Argentina looks to avoid a U.S. court ruling that forced the nation into default while the Bank of China announced a sale of $5 billion worth of subordinated bonds. Both markets have seen a flood of liquidity and attention from investors as low yields in developed markets urge bond buyers to invest further afield.
Tier 1 Bonds
China’s Bank of China has began choosing underwriters for the debts, which will not be senior loans, but will still be classified as Tier 1 notes. According to banking rules in China, the bonds will be issued in various currencies, and not just in the renminbi.
The Bank of China has seen its stock price suffer in recent years, hitting an all-time low in April. The stock has since recovered, but remains in a bearish trendline for the year. The stock has fallen 64% from its pre-crisis peak in late 2007. The Bank of China is the fourth largest back in the nation.

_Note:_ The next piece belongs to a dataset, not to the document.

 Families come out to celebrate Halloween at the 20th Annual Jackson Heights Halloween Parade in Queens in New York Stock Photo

The Bank of China has recently faced criticism for the quality of its loans, as its portfolio included more bad loans in the first half of 2014, which some analysts argue is a harbinger of greater defaults in the future, and possibly a liquidity crisis for the bank and the nation.
Recently, the Bank announced that outstanding nonperforming loans had risen by more than 17%, comprising 86 billion yuan ($14 billion).

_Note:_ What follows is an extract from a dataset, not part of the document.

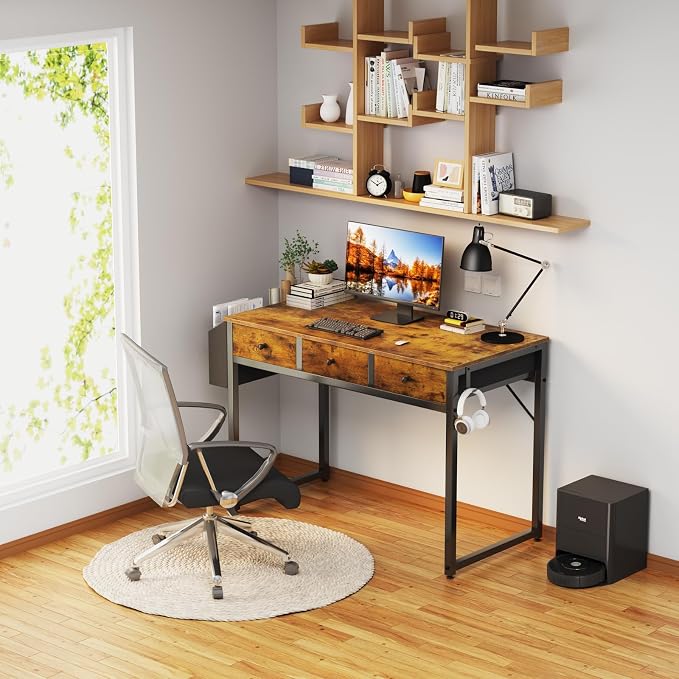 Lufeiya 40 Inch Desk with Drawers for Bedroom - 39 Inch Home Office Desks with 3 Fabric Storage Drawer and Pocket, Study Writing Table Rustic Computer Desk, Vintage Brown - Image 2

At the same time, the bank has been exhibiting yield-chasing behavior that analysts have warned is becoming commonplace in Europe and the U.S. In its recent announcement to shareholders, Bank of China President Siqing Chen said higher capital costs were causing the bank to look overseas to improve margins. “The Bank of China has actively improve its liability structure and strived to boost business revenues from overseas operations,” Mr. Chen said.
Argentina Payments
In early 2014, Latin American markets were spooked by fears that Argentina would default for the second time in 13 years. The fears loomed large as hedge fund Elliot Management Corporation sued Argentina to demand full payment of debts it had acquired after Argentina defaulted in 2001.

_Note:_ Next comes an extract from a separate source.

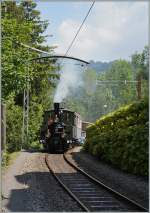 BLONAY-CHAMBY PINGSTFESTIVAL 2015: Die Lok G 3/3 N� 5 in Chaulin.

Although a New York court has ruled that the nation has defaulted, Argentina is ignoring that ruling and plans to begin issuing payments in Argentinian pesos in a move that would allow overseas bondholders to swap their old bonds, which are issued in U.S. dollars, for new peso-denominated bonds.
The move is the most recent in a series of events that is designed to allow Argentina access to international credit markets, which it has been unable to tap before the U.S. district court judgment was made. While many creditors had settled with Argentina on the defaulted debts, Elliott Management Corp., which owns 7.6% of the debts from 2001, has refused to accept peso-denominated debts for its bonds. The Argentinian move will force Elliott to accept peso-denominated bonds in a forced swap.
Argentinian debts have fallen in value over the past month, losing about 7% in August despite a broader appreciation of bonds globally. Meanwhile, the Bloomberg USD Emerging Market Sovereign Bond Index has risen by over 9% in 2014.
Elliott Management and other hedge funds holding Argentinian debts have failed to agree on repayment terms with the nation, and banks working with the nation’s government have failed to find buyers for a bond buyback who can buy at a price that bondholders are demanding.
Argentina president Cristina Fernandez de Kirchner has said she refuses to accept the bondholders terms because the country cannot afford that level of indebtedness. “If I signed what they’re trying to make me sign, the bomb wouldn’t explode now but rather there would surely be applause, marvelous headlines in the papers. But we would enter into the infernal cycle of debt which we’ve been subject to for so long.”